» **Input records**
__________________________________________________

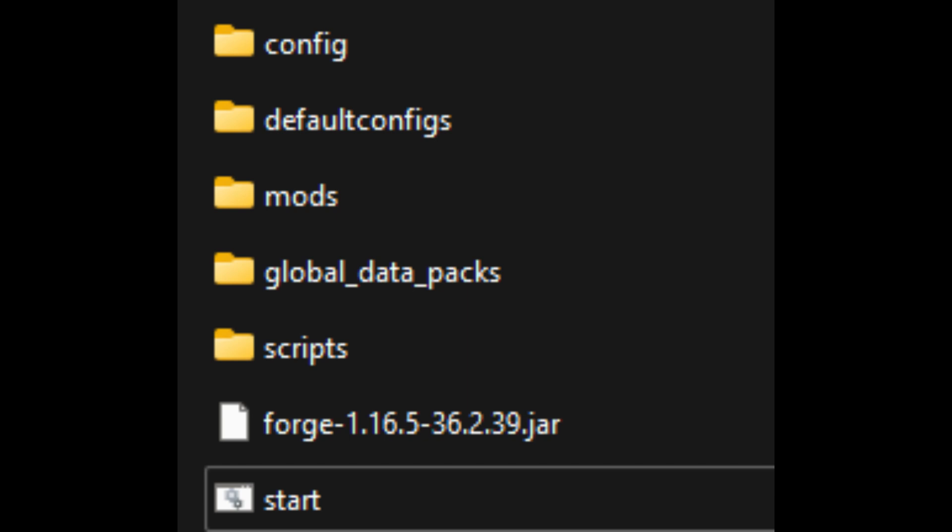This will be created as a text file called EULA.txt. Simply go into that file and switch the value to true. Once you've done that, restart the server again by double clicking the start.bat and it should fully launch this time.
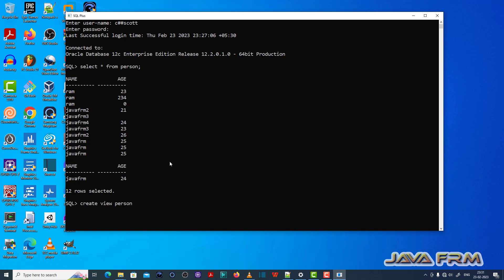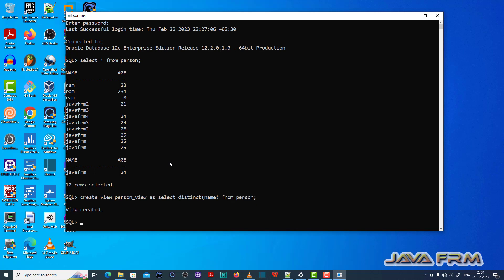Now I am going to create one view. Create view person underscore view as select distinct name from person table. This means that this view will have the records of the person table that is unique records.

__________________________________________________

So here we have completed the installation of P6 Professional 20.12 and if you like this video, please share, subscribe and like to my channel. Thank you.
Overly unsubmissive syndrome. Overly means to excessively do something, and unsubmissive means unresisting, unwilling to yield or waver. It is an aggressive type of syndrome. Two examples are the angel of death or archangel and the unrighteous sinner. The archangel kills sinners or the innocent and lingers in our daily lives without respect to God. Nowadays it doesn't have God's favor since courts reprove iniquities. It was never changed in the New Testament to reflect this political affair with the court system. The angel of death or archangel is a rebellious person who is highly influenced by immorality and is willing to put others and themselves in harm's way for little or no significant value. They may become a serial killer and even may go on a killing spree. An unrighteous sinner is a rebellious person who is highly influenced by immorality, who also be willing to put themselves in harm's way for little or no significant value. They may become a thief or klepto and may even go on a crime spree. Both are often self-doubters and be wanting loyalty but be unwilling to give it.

__________________________________________________

» **To do**
Find where the line with "This will be" sits in the material above and where the line with "Now I am going" sits. Set down exactly the lines from the first to the second, both included and nothing else, without pictures.

» **Answer space**
This will be created as a text file called EULA.txt. Simply go into that file and switch the value to true. Once you've done that, restart the server again by double clicking the start.bat and it should fully launch this time.
Now I am going to create one view. Create view person underscore view as select distinct name from person table. This means that this view will have the records of the person table that is unique records.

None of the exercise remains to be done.